DATASET EXCERPTS:
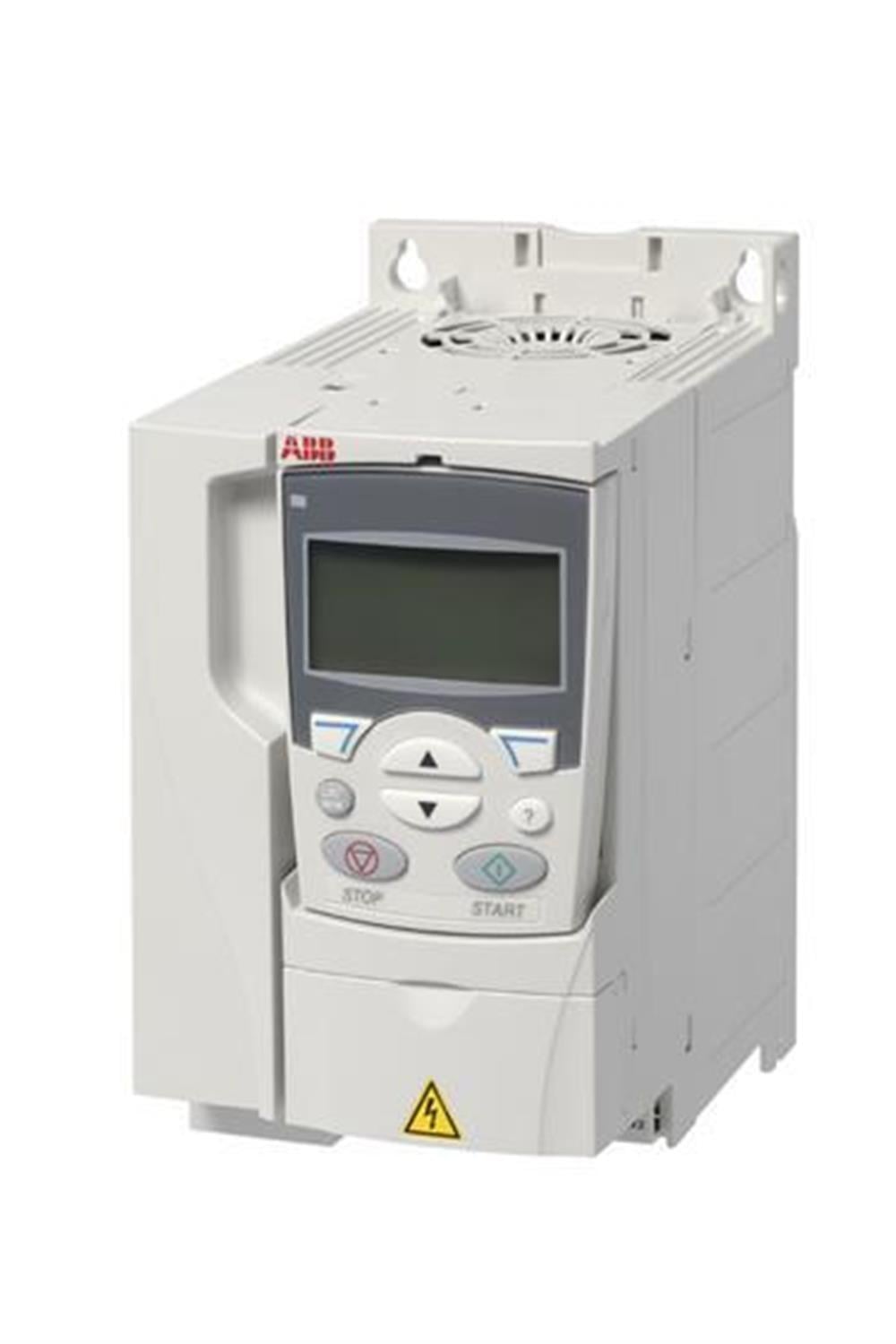 ACS310-03E-34A1-4 ( 15 kW )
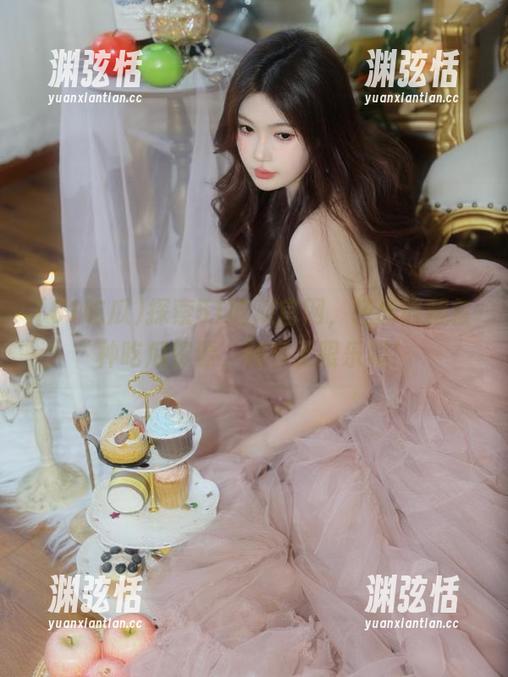 探索51吃瓜官网，轻松收藏各种吃瓜资源，畅享无限乐趣！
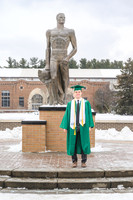 25MSUFall-1213-Alumni-127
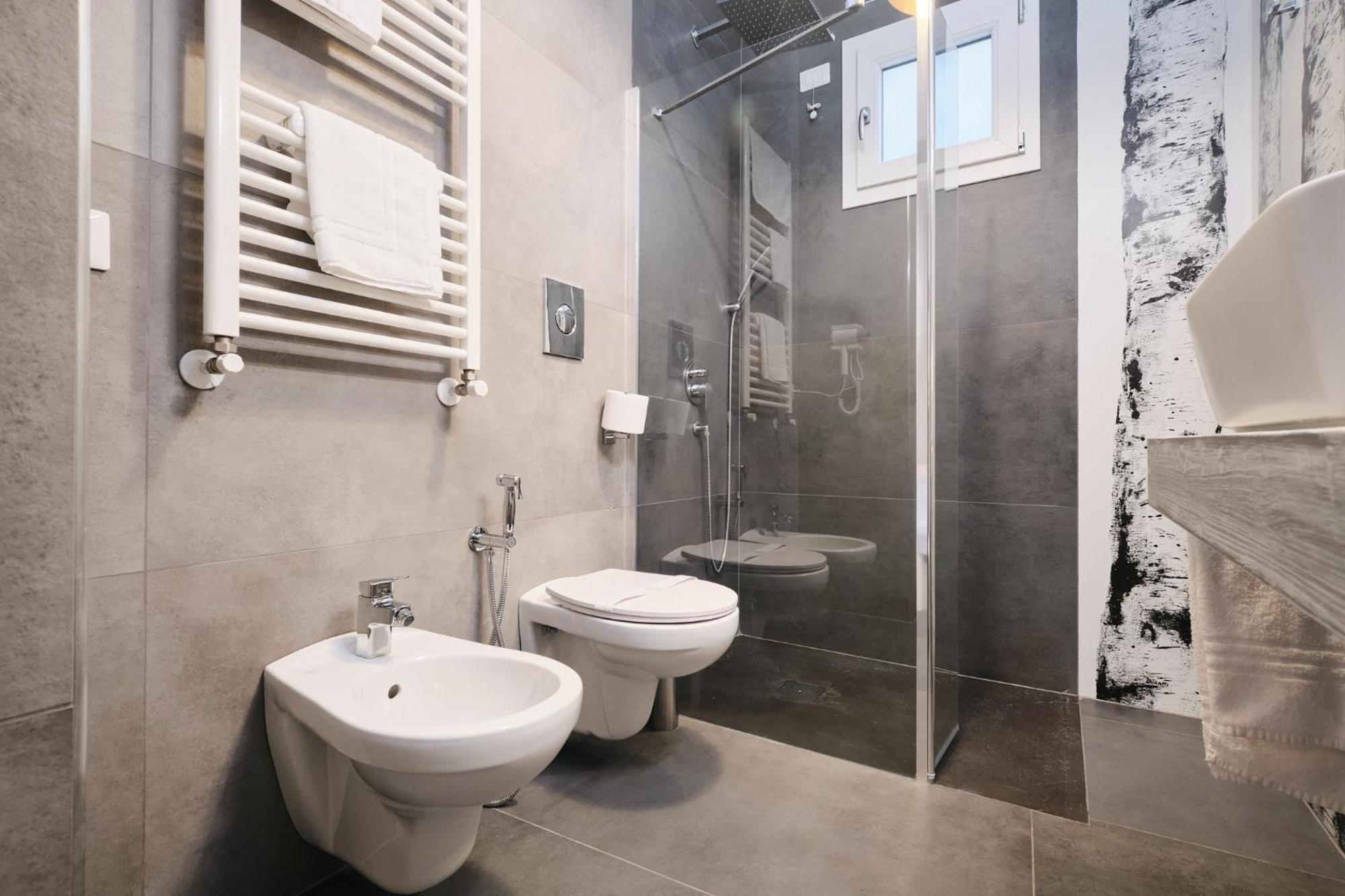 Domus Matris Guest house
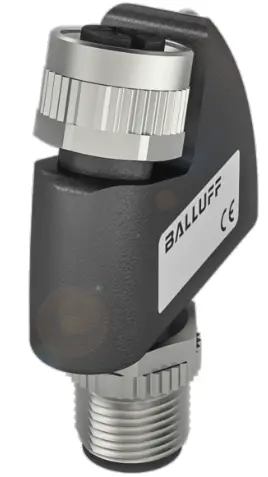 FAS-ELECTRONICS-FNI-IOL-716-000-K023-Signal-Converters-Product-image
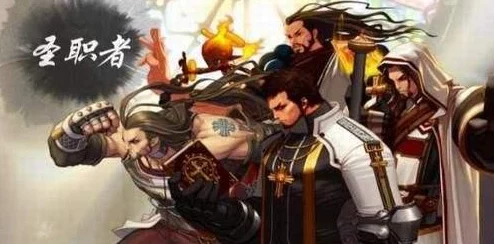 Dnf新版本爆料：拳师职业深度解析，哪个流派拳师更强势？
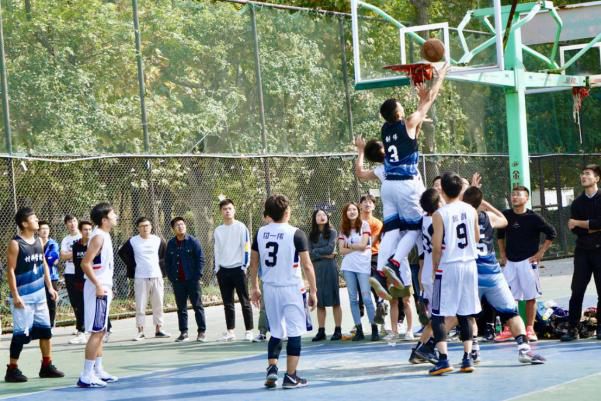 最新进展（篮球小组赛）印度尼西亚VS蒙古比分实时直播-独家解读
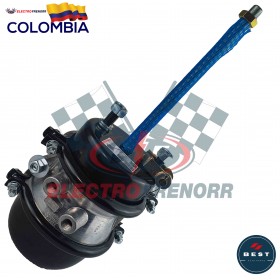 CAMARA 20-24 REPARABLE BEST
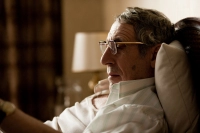 Амадор - Скріншот 3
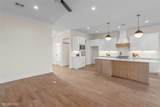 923 Chisolm Trail - Photo 4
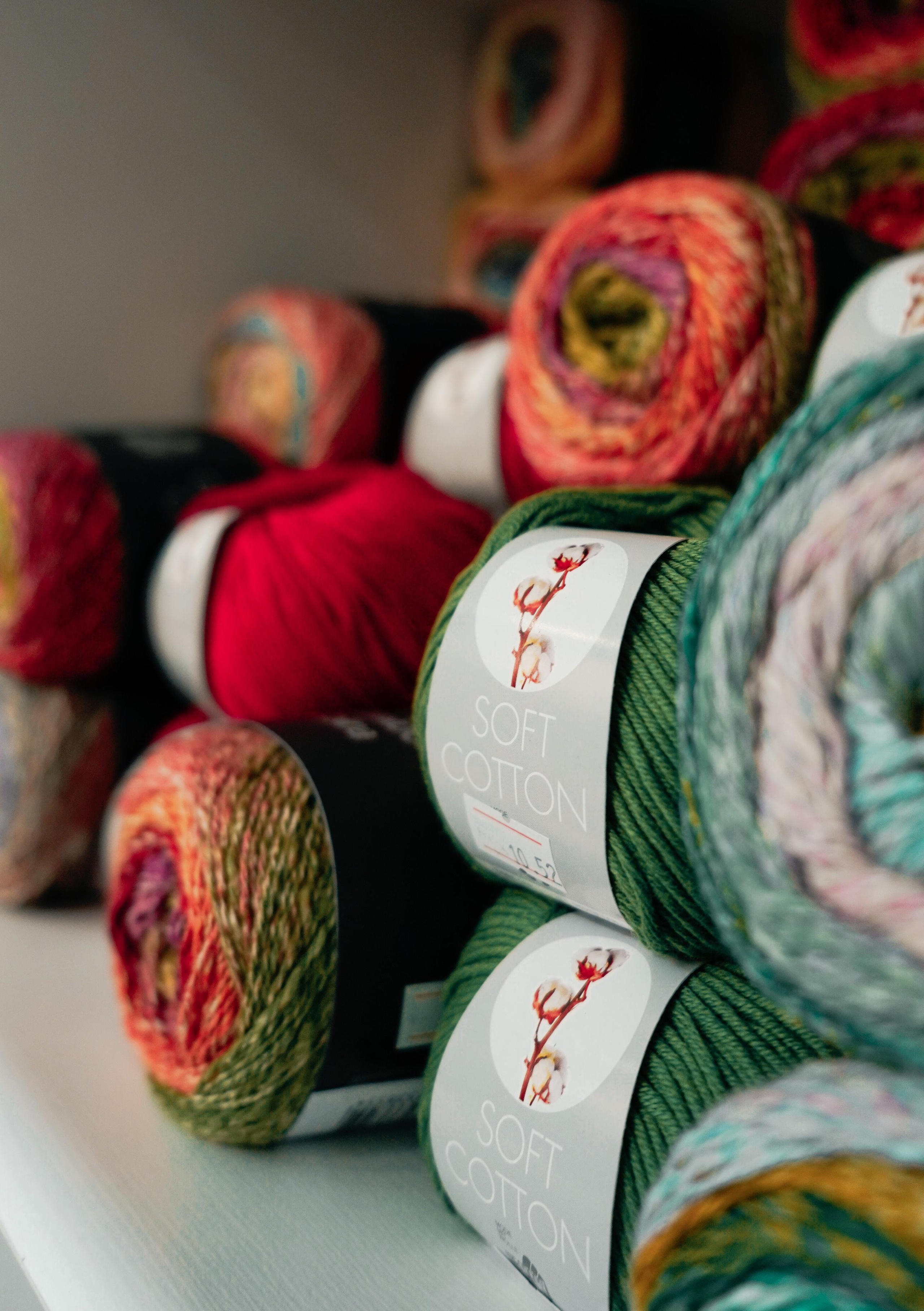 Открытие магазина TRISKELE. Photographer Barcelona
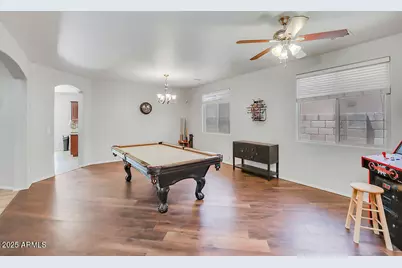 9185 W Mine Trail, Peoria, AZ 85383 - Photo 6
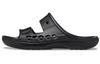 Baya Sandals Black 207627-001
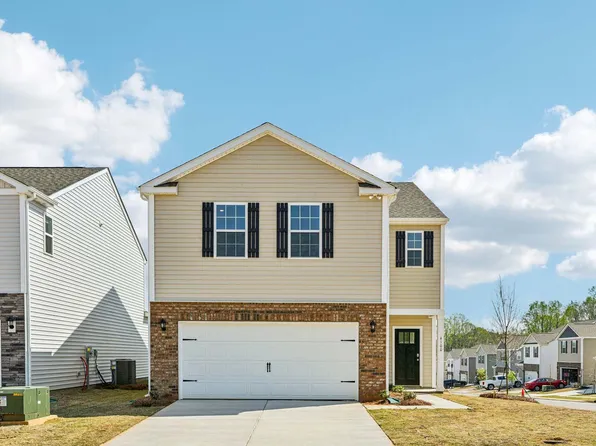 2130 10th St SE, Hickory, NC 28602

TASK ITEM: Everything in the records above should be retyped exactly except the pictures.

PROBLEM SOLUTION:
 ACS310-03E-34A1-4 ( 15 kW )
 探索51吃瓜官网，轻松收藏各种吃瓜资源，畅享无限乐趣！
 25MSUFall-1213-Alumni-127
 Domus Matris Guest house
 FAS-ELECTRONICS-FNI-IOL-716-000-K023-Signal-Converters-Product-image
 Dnf新版本爆料：拳师职业深度解析，哪个流派拳师更强势？
 最新进展（篮球小组赛）印度尼西亚VS蒙古比分实时直播-独家解读
 CAMARA 20-24 REPARABLE BEST
 Амадор - Скріншот 3
 923 Chisolm Trail - Photo 4
 Открытие магазина TRISKELE. Photographer Barcelona
 9185 W Mine Trail, Peoria, AZ 85383 - Photo 6
 Baya Sandals Black 207627-001
 2130 10th St SE, Hickory, NC 28602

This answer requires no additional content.